• What is needed:
The result should be a full, exact repeat of the entries, free of pictures.
····················
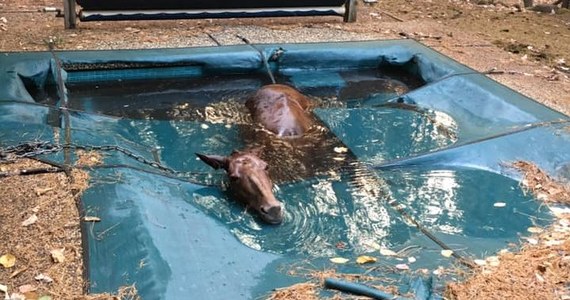 ​Ratownicy w Kalifornii w pogorzelisku jednego miasta znaleźli żywego konia. Zwierzę przeżyło horror wyłącznie dzięki temu, że wpadło do basenu.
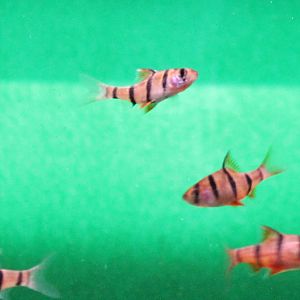 Five-striped barbs
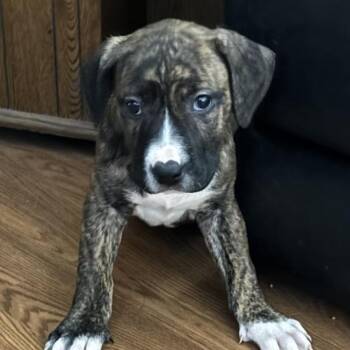 Great Dane and Mastiff Dogs Available for Adoption - Helga | PetCurious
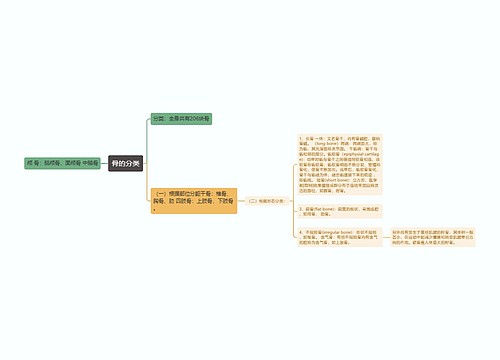 骨的分类
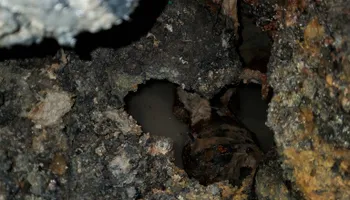 Plumbing Repairs for Southland Plumbing in Birmingham, AL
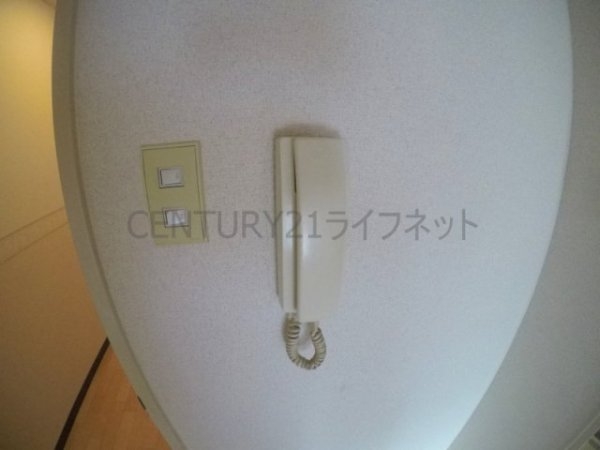 ディオサC・S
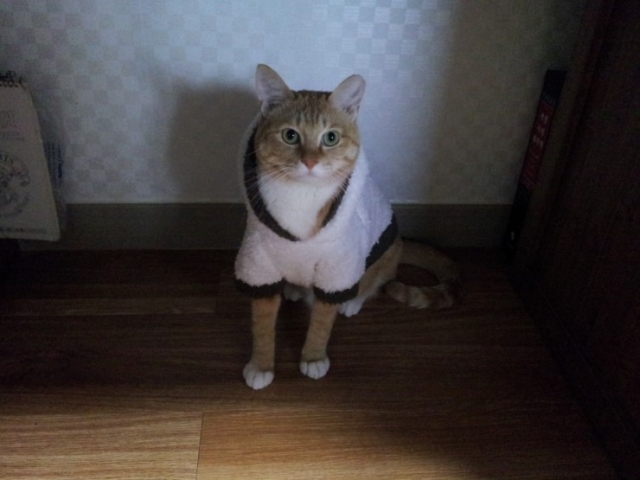 2012-01-04_17_13_10.jpg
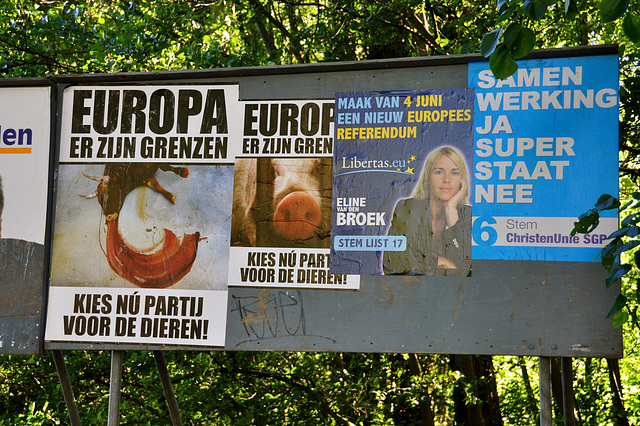 European elections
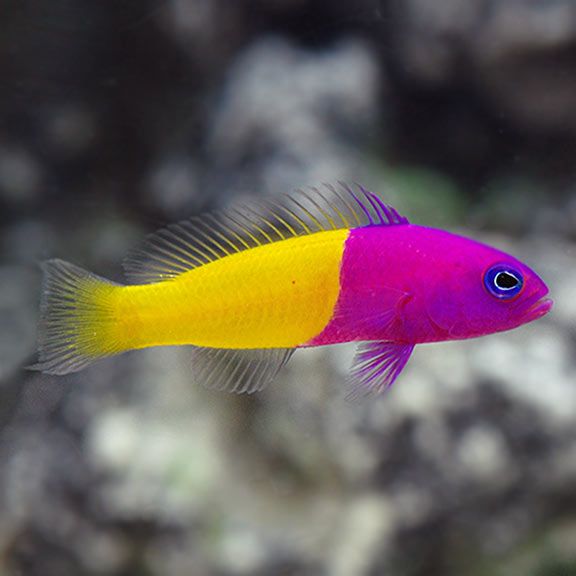 Royal Dottyback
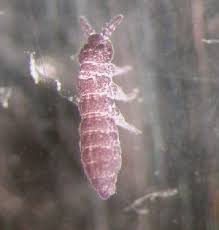 Attēlu rezultāti vaicājumam “Hypogastrura sp.”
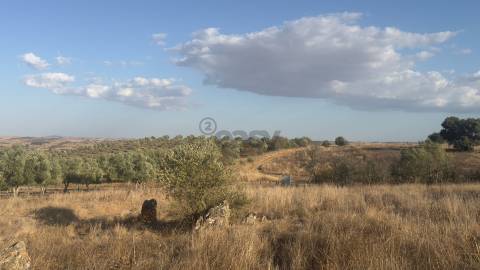 Terreno rústico com 4.5ha, Casével, Castro Verde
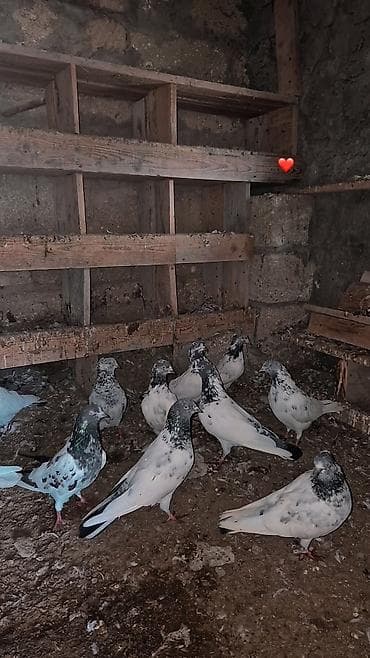 ev goyərcinləri: Məhsul: Ev göyərçinləri qrupu (ağ və ağ‑qara ləkəli rənglər) Təsvir — 5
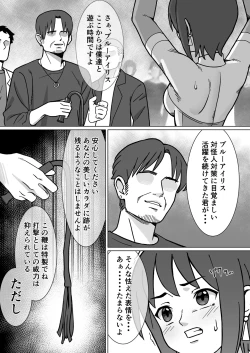 Page 5 of 聖騎天翔ブルーアイリス2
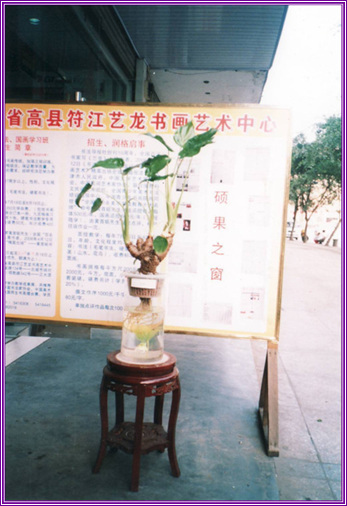 Ĵʡط黭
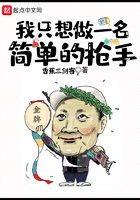 我只想做一名簡單的槍手在線閱讀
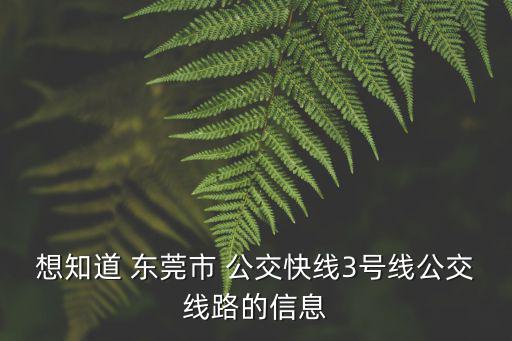 想知道 東莞市 公交快線3號線公交線路的信息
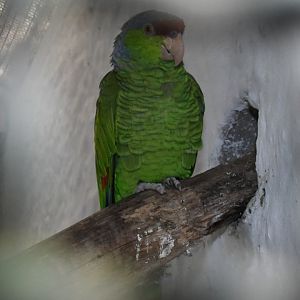 Lilac-crowned Amazon (Zoo Lourosa)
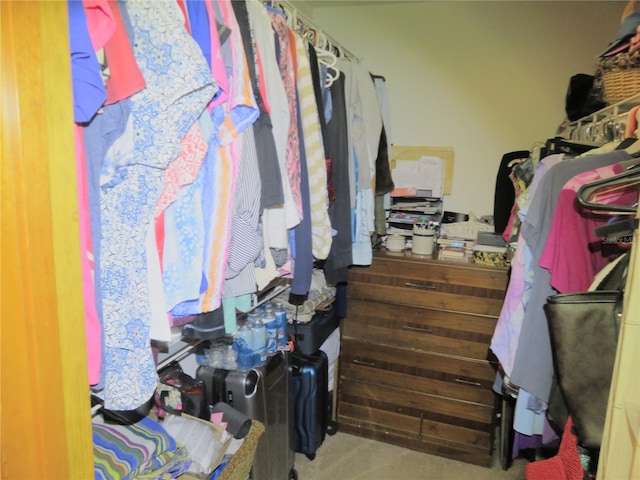 5083 SE 26th St, Ocala, FL 34480 - spacious closet with carpet
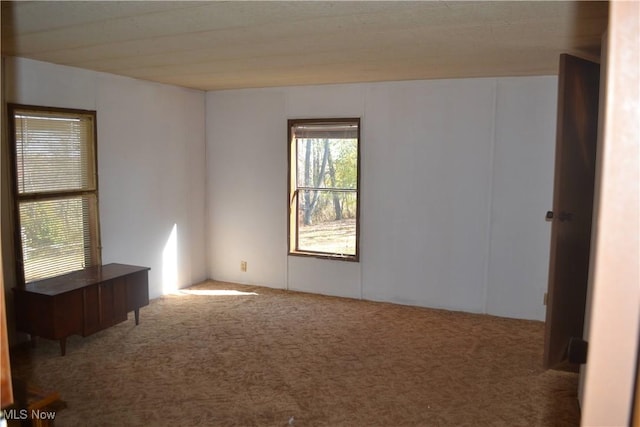 view of carpeted spare room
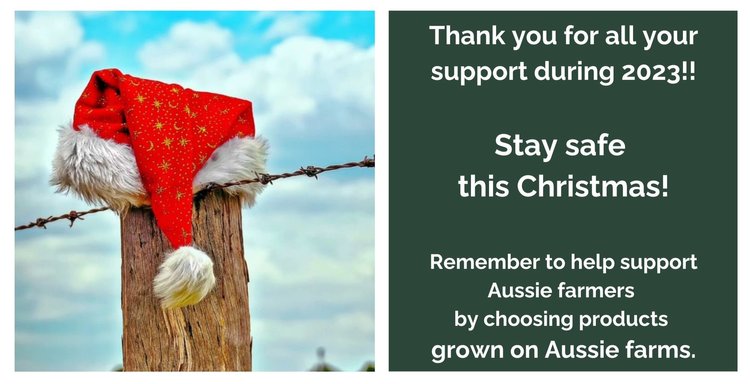 Christmas Message to Readers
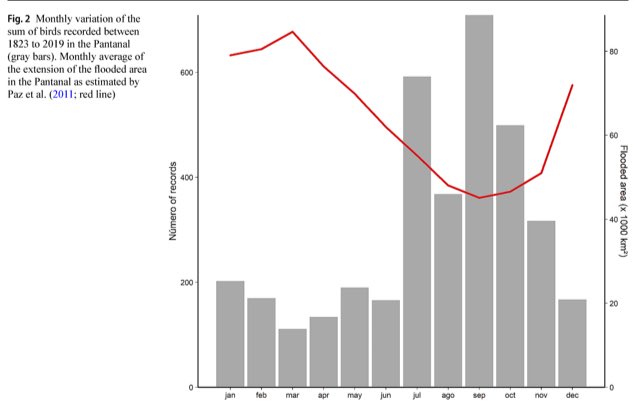 🚨New Paper🚨

A pleasure to share the first paper by one of my lab’s students!😍

Congrats to Leda Stefan + thanks to her coadvisor dr. Thais Zanata.

Our sampling on the birds of Pantanal—the largest tropical inland wetland—is quite limited and biased.

link.springer.com/article/10.100…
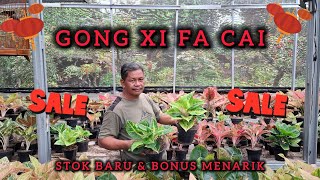 PROMO IMLEK BESAR - BESARAN !!! STOK BARU + BONUS MELIMPAH !!!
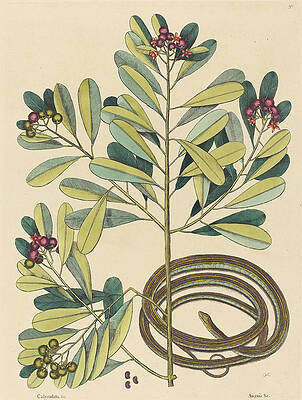 The Ribbon Snake, Coluber saurita Print by Mark Catesby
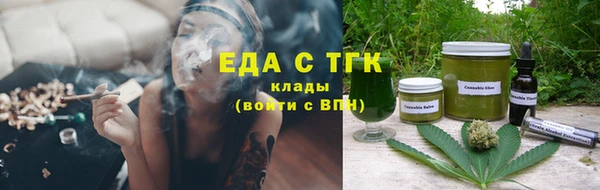 дмт Бородино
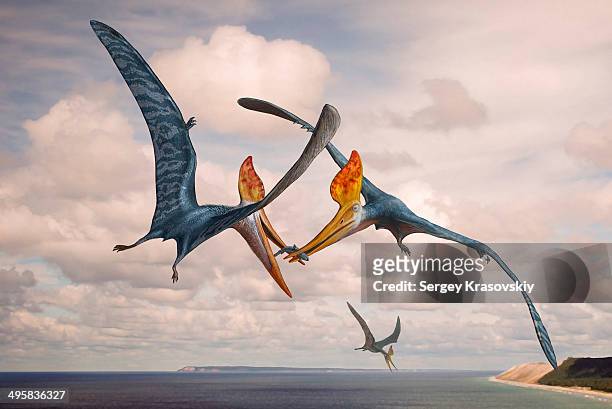 two geosternbergia pterosaurs fighting over small fish. - nahrungskette stock-grafiken, -clipart, -cartoons und -symbole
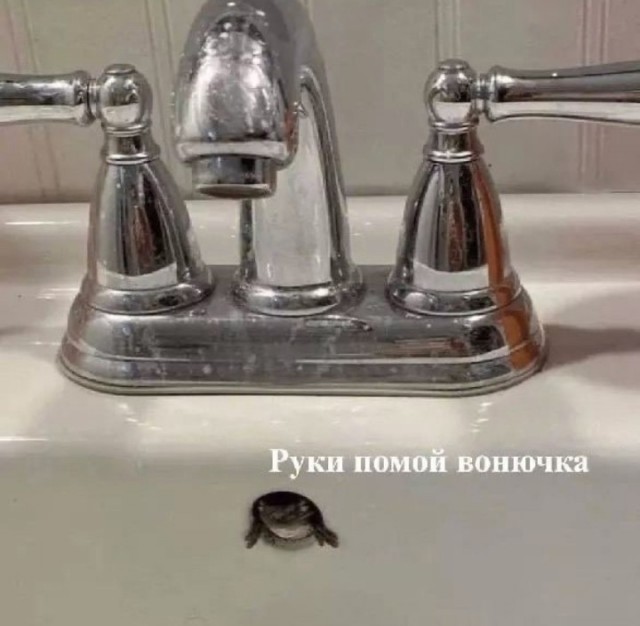 Всего понемногу. От 08.12.24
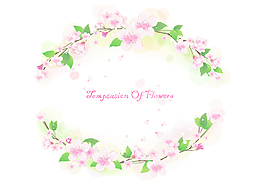 花紋素材設(shè)計(jì)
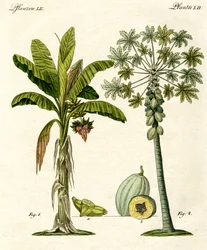 Plantes des pays chauds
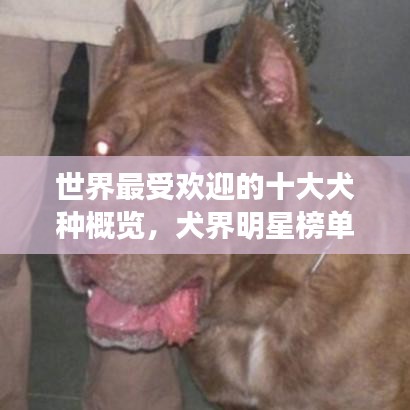 世界最受歡迎的十大犬種概覽，犬界明星榜單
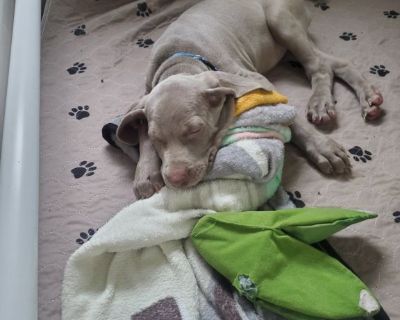 Weimaraner Puppies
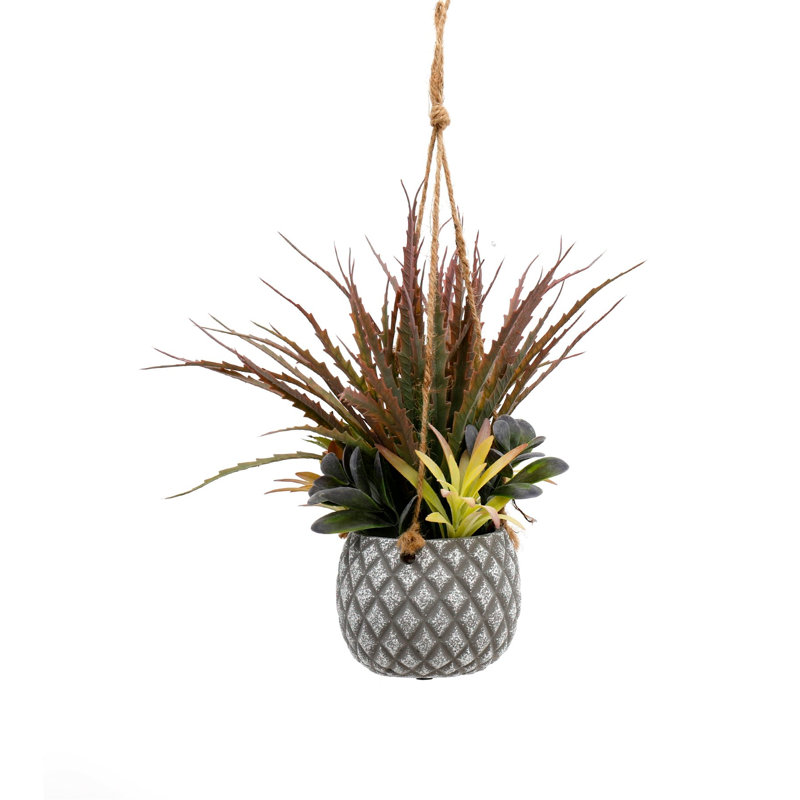 Faux Succulent Plant in Pot, 37cm H x 23cm W x 28cm D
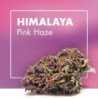 CANNACTIVA Himalaya Pink Haze 5gr
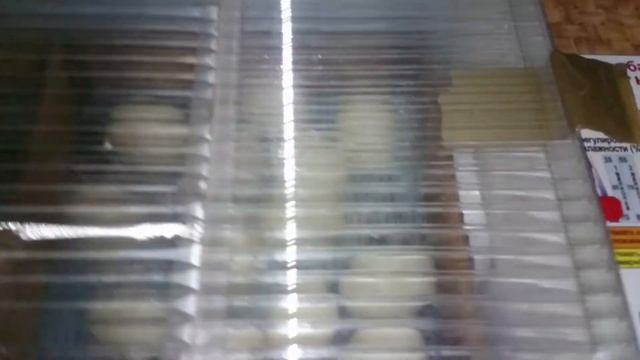 Блиц Норма, инкубация индоутиных яиц,моя первая инкубация!!!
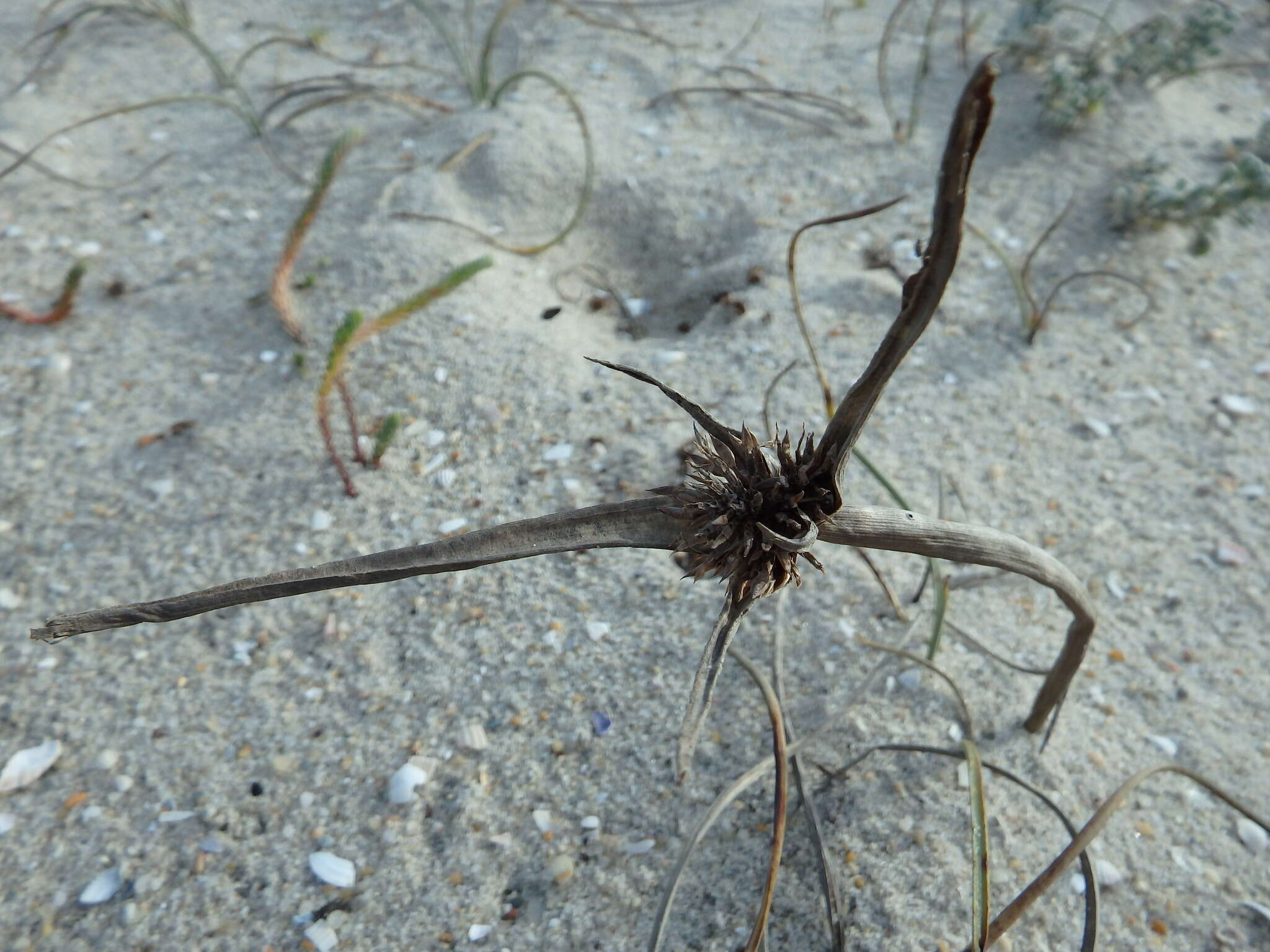 Image de Cyperus capitatus Vand.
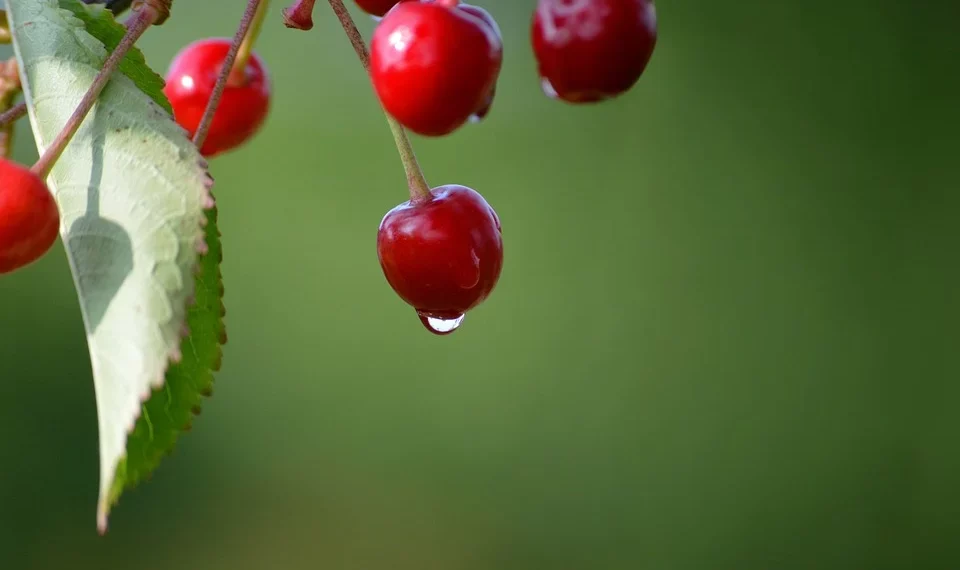 Ripe cherries with water droplet against green background.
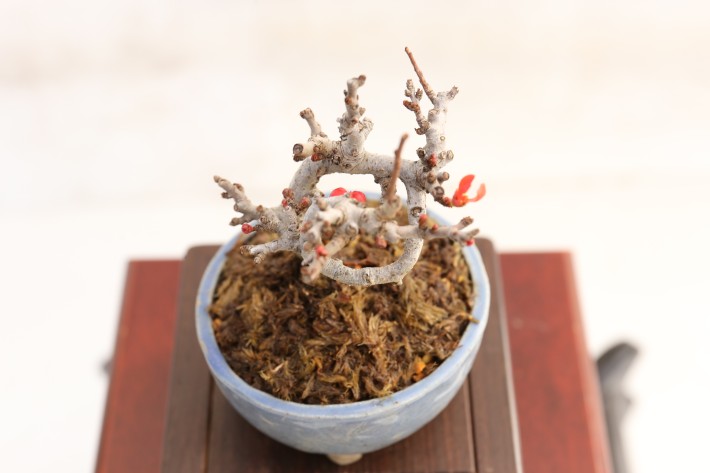 チョウジュバイ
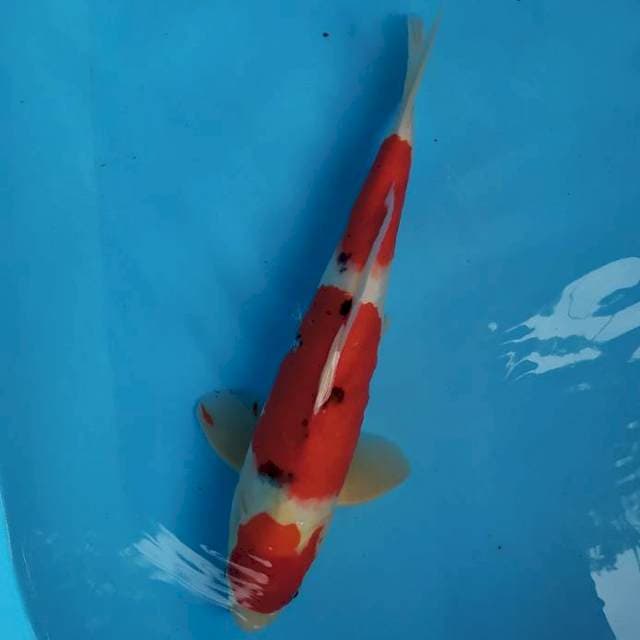 sanke 34 cm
····················
• Response area:
 ​Ratownicy w Kalifornii w pogorzelisku jednego miasta znaleźli żywego konia. Zwierzę przeżyło horror wyłącznie dzięki temu, że wpadło do basenu.
 Five-striped barbs
 Great Dane and Mastiff Dogs Available for Adoption - Helga | PetCurious
 骨的分类
 Plumbing Repairs for Southland Plumbing in Birmingham, AL
 ディオサC・S
 2012-01-04_17_13_10.jpg
 European elections
 Royal Dottyback
 Attēlu rezultāti vaicājumam “Hypogastrura sp.”
 Terreno rústico com 4.5ha, Casével, Castro Verde
 ev goyərcinləri: Məhsul: Ev göyərçinləri qrupu (ağ və ağ‑qara ləkəli rənglər) Təsvir — 5
 Page 5 of 聖騎天翔ブルーアイリス2
 Ĵʡط黭
 我只想做一名簡單的槍手在線閱讀
 想知道 東莞市 公交快線3號線公交線路的信息
 Lilac-crowned Amazon (Zoo Lourosa)
 5083 SE 26th St, Ocala, FL 34480 - spacious closet with carpet
 view of carpeted spare room
 Christmas Message to Readers
 🚨New Paper🚨

A pleasure to share the first paper by one of my lab’s students!😍

Congrats to Leda Stefan + thanks to her coadvisor dr. Thais Zanata.

Our sampling on the birds of Pantanal—the largest tropical inland wetland—is quite limited and biased.

link.springer.com/article/10.100…
 PROMO IMLEK BESAR - BESARAN !!! STOK BARU + BONUS MELIMPAH !!!
 The Ribbon Snake, Coluber saurita Print by Mark Catesby
 дмт Бородино
 two geosternbergia pterosaurs fighting over small fish. - nahrungskette stock-grafiken, -clipart, -cartoons und -symbole
 Всего понемногу. От 08.12.24
 花紋素材設(shè)計(jì)
 Plantes des pays chauds
 世界最受歡迎的十大犬種概覽，犬界明星榜單
 Weimaraner Puppies
 Faux Succulent Plant in Pot, 37cm H x 23cm W x 28cm D
 CANNACTIVA Himalaya Pink Haze 5gr
 Блиц Норма, инкубация индоутиных яиц,моя первая инкубация!!!
 Image de Cyperus capitatus Vand.
 Ripe cherries with water droplet against green background.
 チョウジュバイ
 sanke 34 cm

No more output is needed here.